Work request: Would you write out the entries below word for word, omitting the pictures?

Data provided:

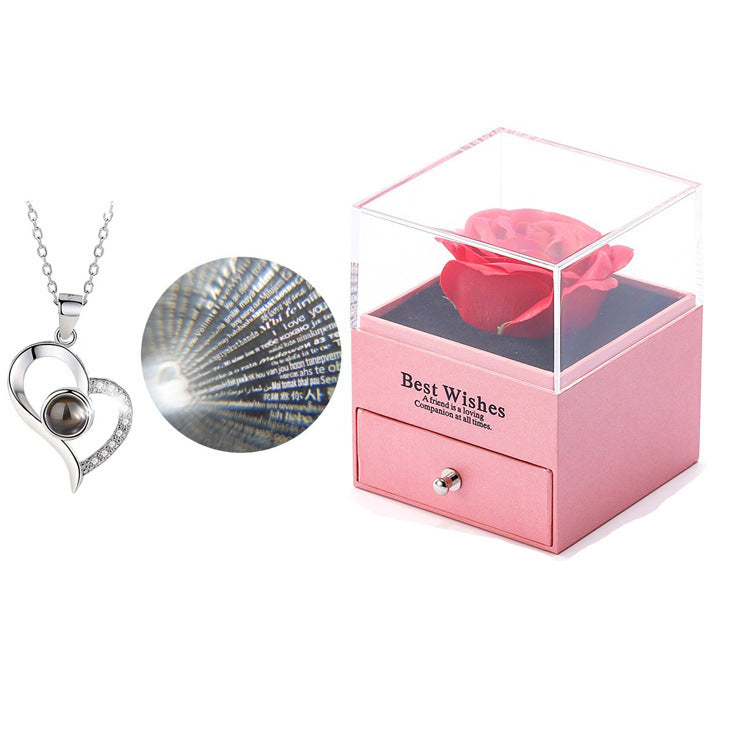Rose Necklace Gift Box with Romantic Keepsake Display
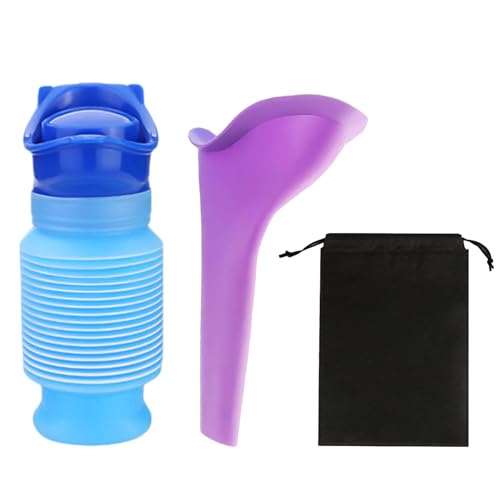 MEMOFYND 1 botella de orinal portátil con 1 embudo, 1 bolsa de almacenamiento, botella de orina telescópica, urinario de emergencia a prueba de fugas para hombres y mujeres, inodoro portátil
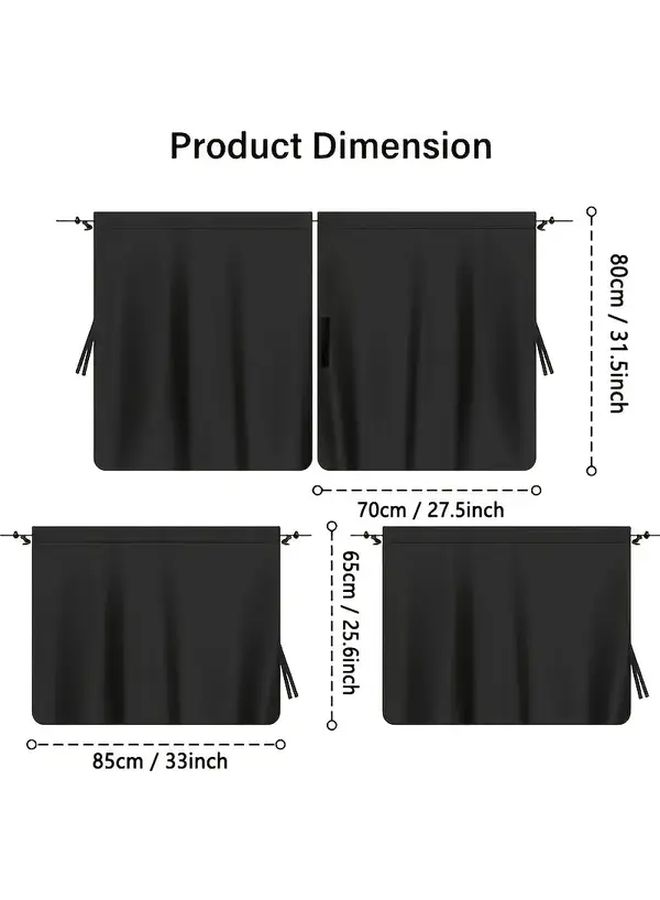 Car Front and Rear Seat Privacy Sunshade Curtain Set with Side Sunshades Sun Protection Heat Insulation Car Window Curtain for Vehicle Interior - Image 2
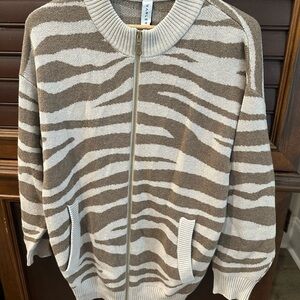 Valleygirl Beige and Cream Zebra Zip-Up Sweater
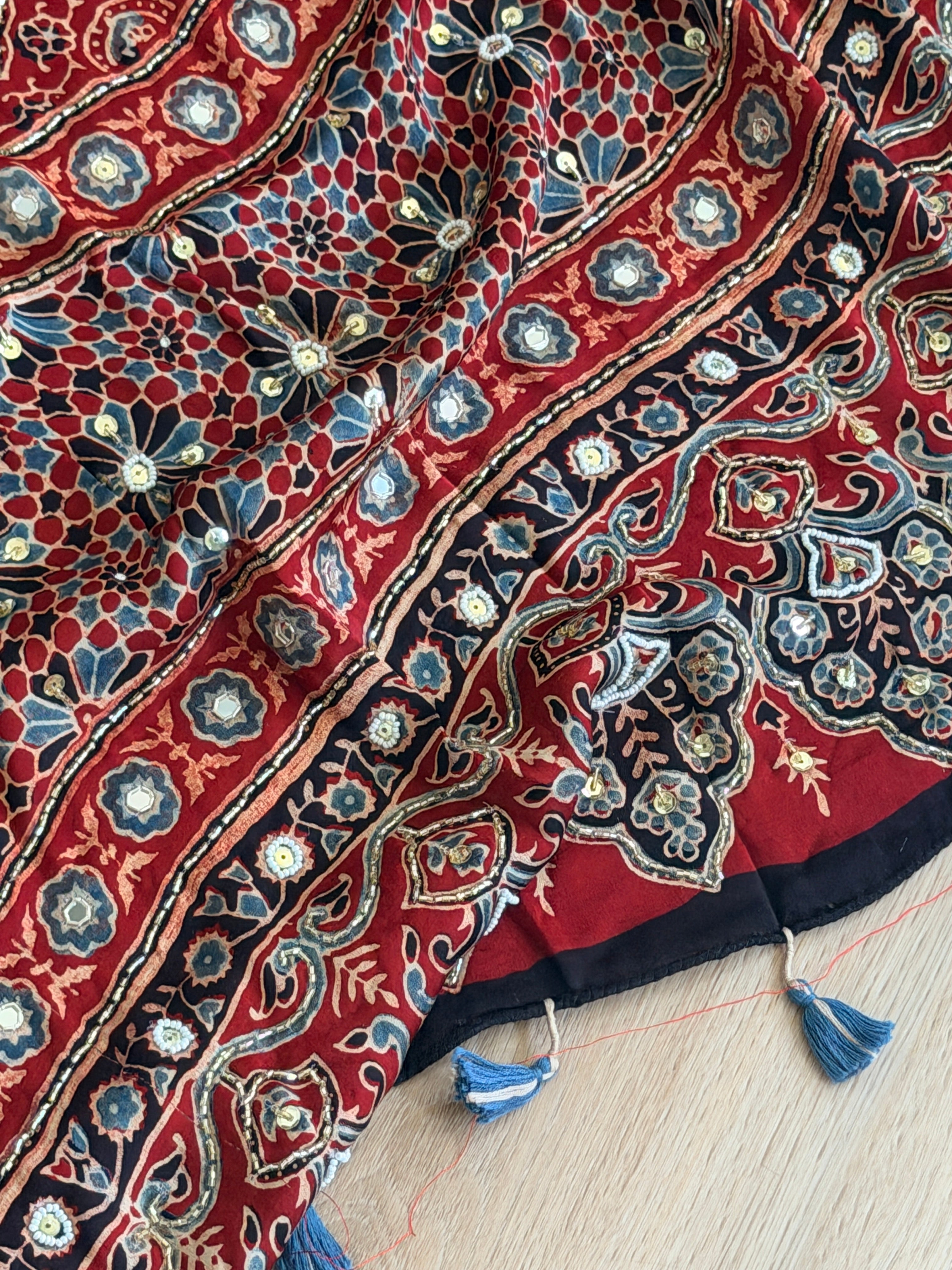 Modal Ajrak mirror and sequin work saree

Written response:
Rose Necklace Gift Box with Romantic Keepsake Display
 MEMOFYND 1 botella de orinal portátil con 1 embudo, 1 bolsa de almacenamiento, botella de orina telescópica, urinario de emergencia a prueba de fugas para hombres y mujeres, inodoro portátil
 Car Front and Rear Seat Privacy Sunshade Curtain Set with Side Sunshades Sun Protection Heat Insulation Car Window Curtain for Vehicle Interior - Image 2
 Valleygirl Beige and Cream Zebra Zip-Up Sweater
 Modal Ajrak mirror and sequin work saree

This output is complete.